Environmental and political factors determine long-term development for renewable generation around the world. The rapid growth of renewable generation requires timely changes in power systems operation planning, investments in additional flexible assets and transmission capacity.

The development trends of restructured power systems suggest that the current tools and methodologies used for investment planning are lacking the coordination between transmission and flexibility sources. Moreover, a comprehensive analysis is required for efficient investment decisions in new flexibility sources or transmission assets. However, literature does not provide an efficient modeling tool that will allow such a comprehensive analysis.

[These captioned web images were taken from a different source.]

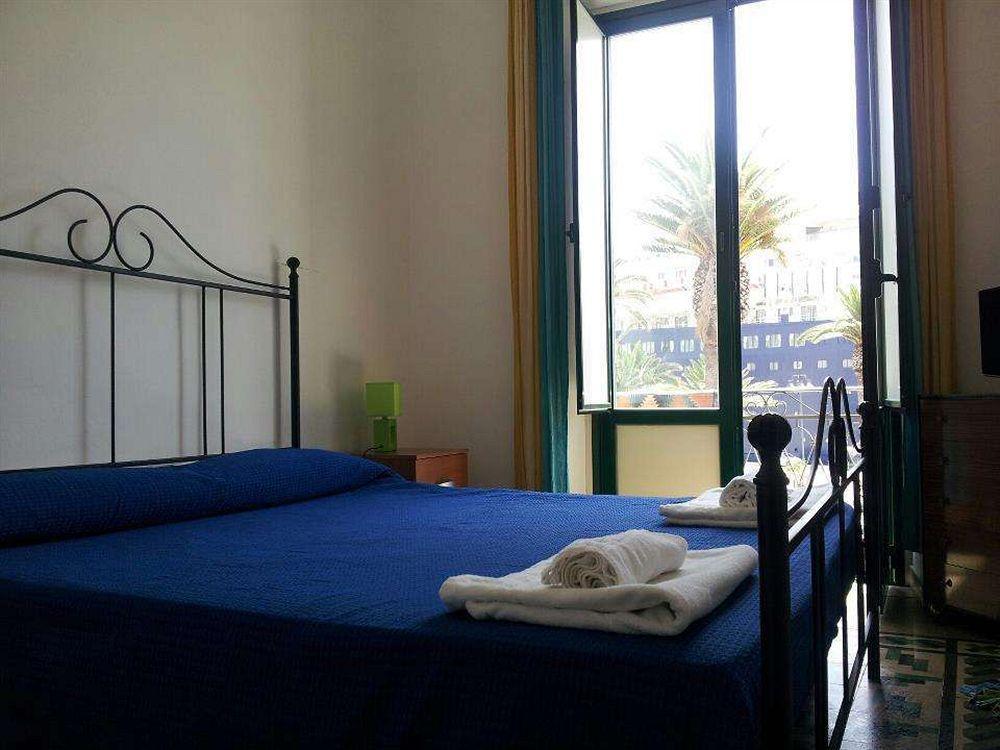 Trapani Tourism Apartments מראה חיצוני תמונה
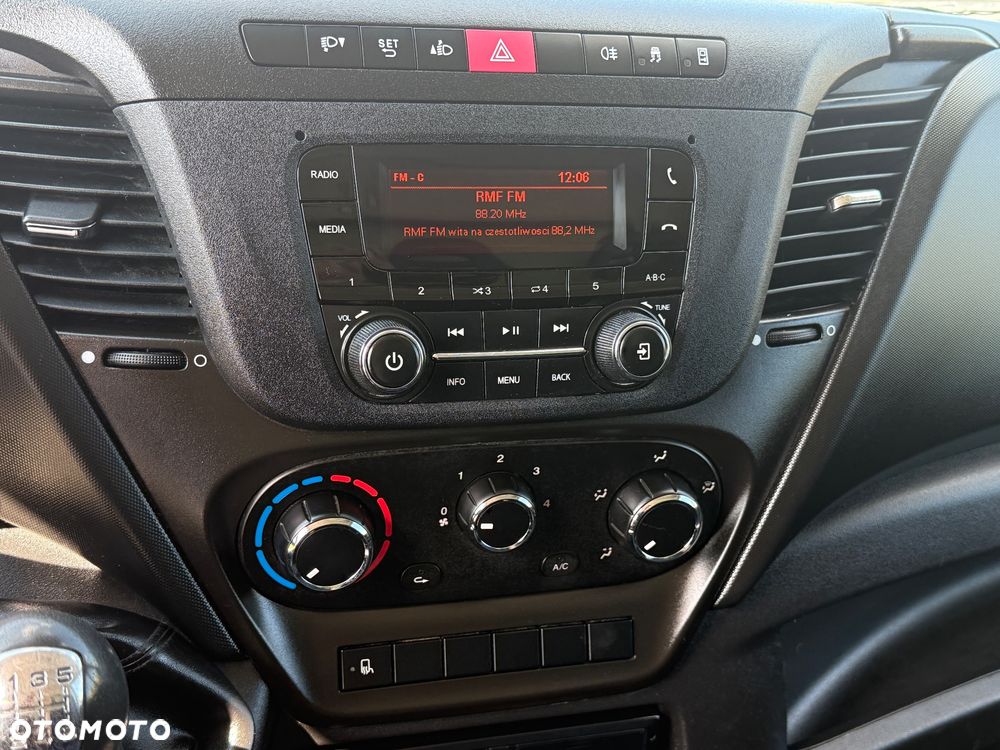 Iveco DAILY 70-180 180KM * 10 E.Palet Kontener *+Winda 1000KG BOGATA Opcja Wyposażenia!!! - 15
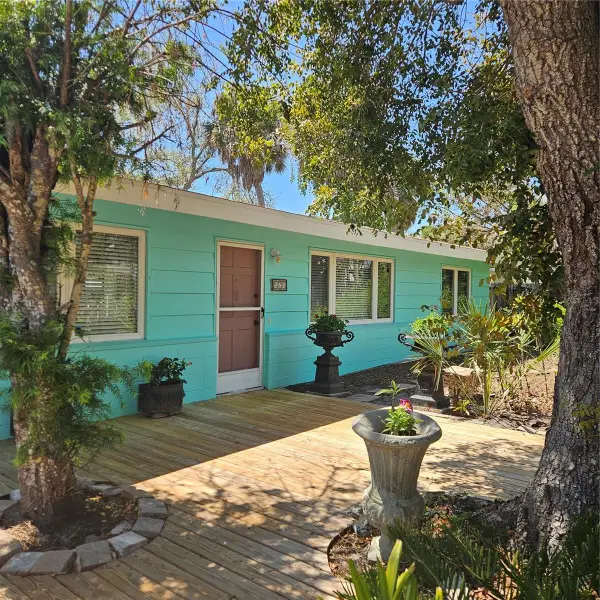 528 Ralph Street, SIESTA KEY, FL 34242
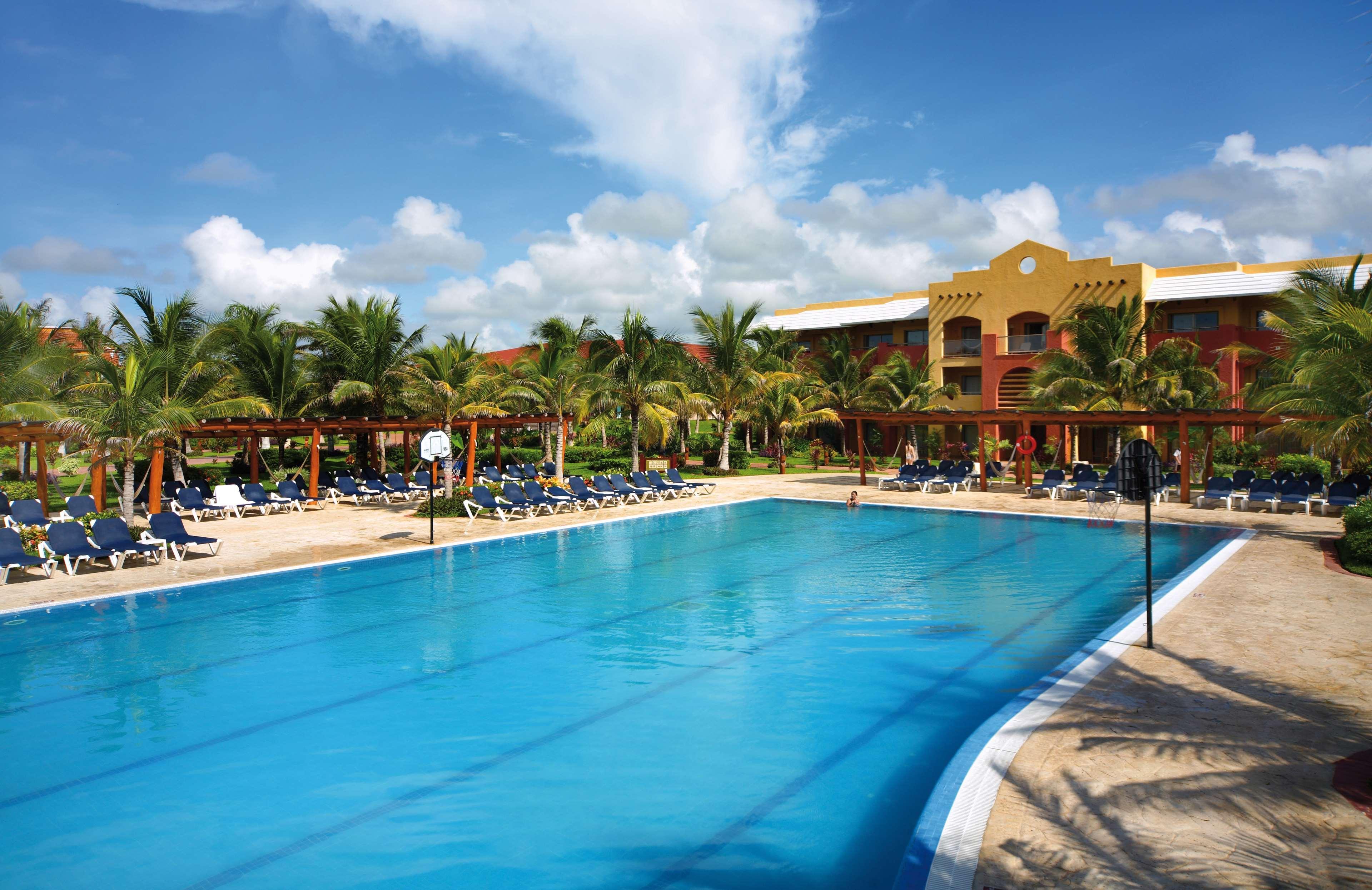 Barcelo Maya Tropical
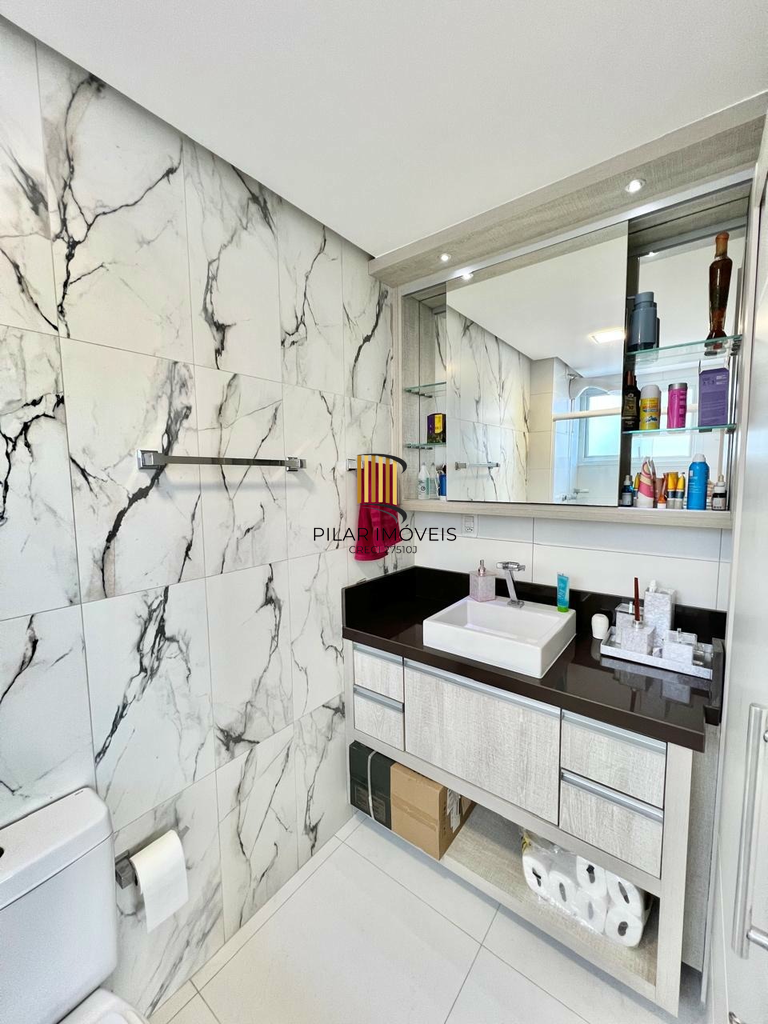 Apartamento 2 dormitórios no bairro Centro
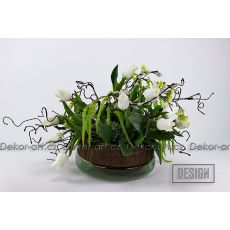 Když kvete interiér – velká jarní dekorace s bílými tulipány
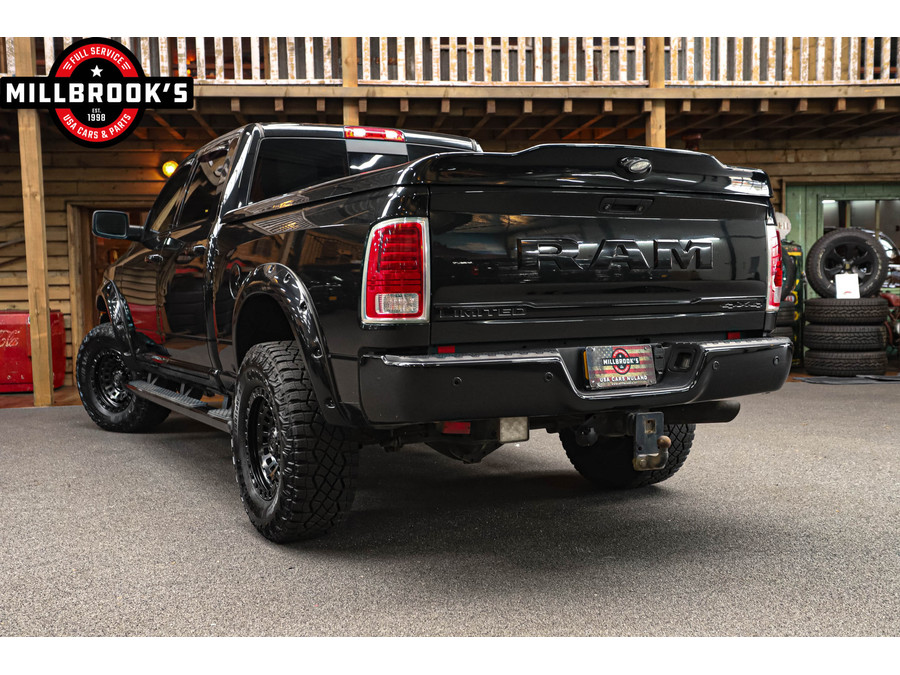 Dodge RAM 2500 limited 6.7L Cummins Black Edition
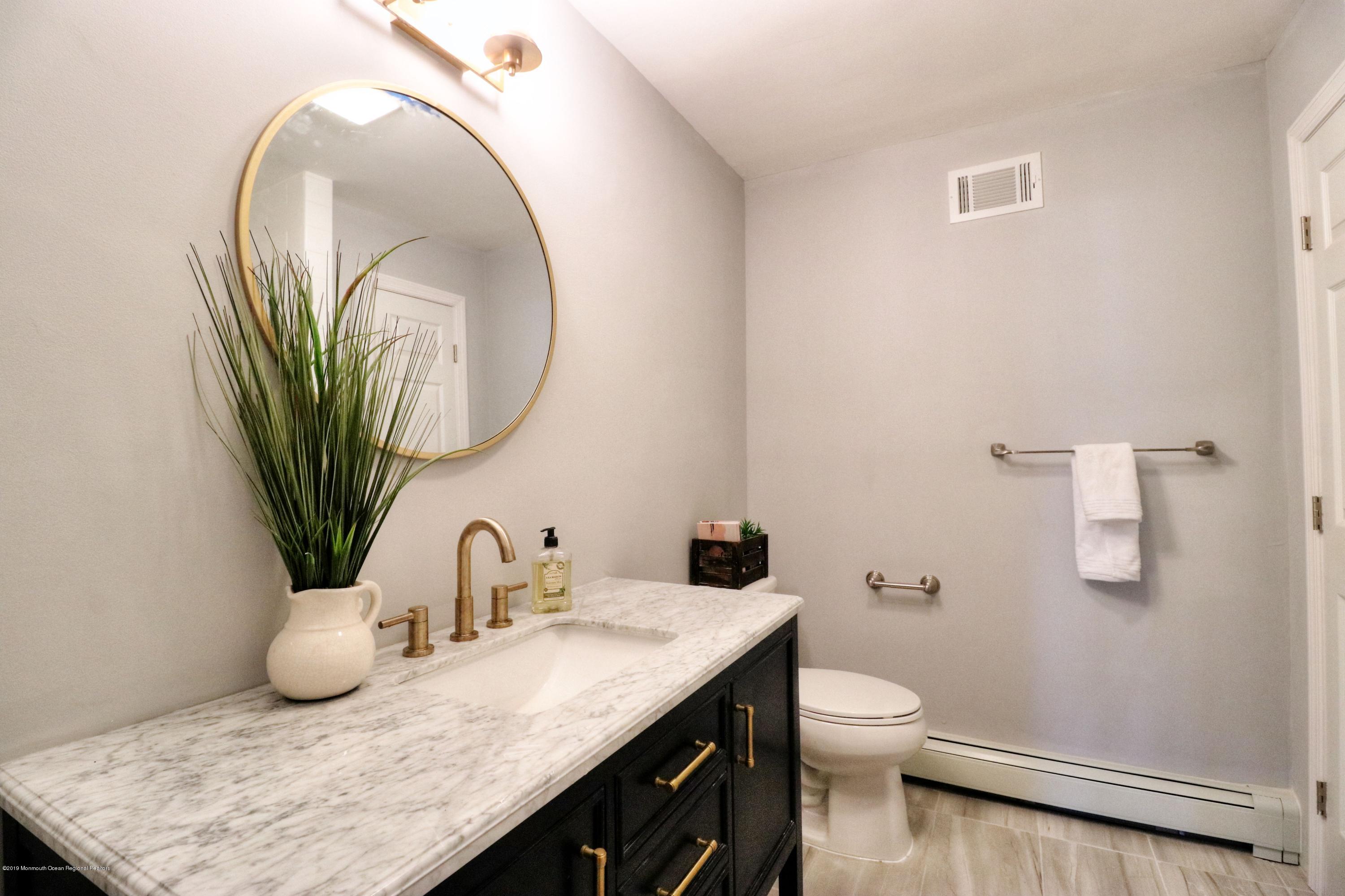 364 Middle Road Hazlet, NJ 07730 - Photo 13 of 31 fullbath_1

This dissertation proposes mathematical modeling tools as well as solution methodologies to support efficient and coordinated investment planning in power systems with renewable generation. The mathematical formulations can be characterised as large scale, stochastic, disjunctive, nonlinear optimization problems. Corresponding solution methodologies are based on combination of linearization and reformulation techniques as well as tailored decomposition algorithms. Proposed mathematical tools and solution methodologies are then used to provide an analysis of transmission investment planning, energy storage investments planning as well as coordinated investment planning. The analysis shows that to achieve socially optimal outcome transmission investments should be regulated. Also, the results of the simulations show that coordinated investment planning of transmission, energy storage and renewable generation will result in much higher investments in renewable generation as well as more efficient operation of renewable generation plants. Consequently, coordinated investment planning with regulated transmission investments results in the highest social welfare outcome.